The Bank appears to have learned its lesson. On Friday it invited members of the public to submit suggestions as to which scientist should appear on the new £50 note, with the mathematician Ada Lovelace and the Nobel prize-winning chemist Dorothy Hodgkin among early frontrunners. Earlier in the week English Heritage asked people to nominate women whose lives could be celebrated with a blue plaque on a London building. At 14%, the proportion of blue plaques currently dedicated to women is “far too low”, the organisation said.
Efforts at boosting women’s representation on monuments and in public spaces are not confined to London. Campaigners in Dorset are fundraising for a statue of the fossil hunter Mary Anning in Lyme Regis. A statue of the suffragette leader Emmeline Pankhurst will be unveiled in Manchester in December. In York, a consultation is under way with a view to changing the wording on a rainbow plaque celebrating the diarist Anne Lister, so that she is described as a lesbian.
Not everyone is convinced that such undertakings are worth the effort and the money, particularly at a time when so many women have been affected by reductions in public spending. Analysis of tax and benefit changes last year found that government cuts have cost women £79bn since 2010, against £13bn for men. Despite the introduction of new rules for reporting on the gender pay gap, the gulf between men’s and women’s hourly pay has not shrunk for three years. Meanwhile the hopes raised by #MeToo, that violence and harassment of women in the workplace could be dramatically reduced, have faded. Haven’t feminists got more serious battles to fight than over statues and banknotes, it has been asked. Other voices question whether it is even desirable to perpetuate a model whereby prominent individuals and their deeds are celebrated, while more ordinary lives and struggles are forgotten.

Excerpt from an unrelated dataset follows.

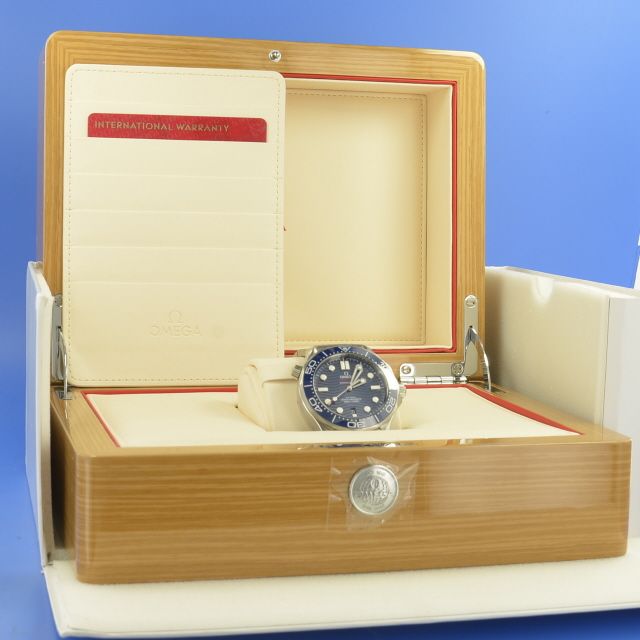 Omega Seamaster Diver 300M Master Chronometer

But representation is important, perhaps particularly to children in the process of forming their ideas about the world, and themselves. Positive role models – in real life or bronze – won’t eliminate inequality. But it makes a difference to all of us who we see on plinths, screens, stamps and coins. That’s why it matters that women of all sorts – black, white, lesbian, trans, disabled – are represented in all sorts of ways, in all sorts of places.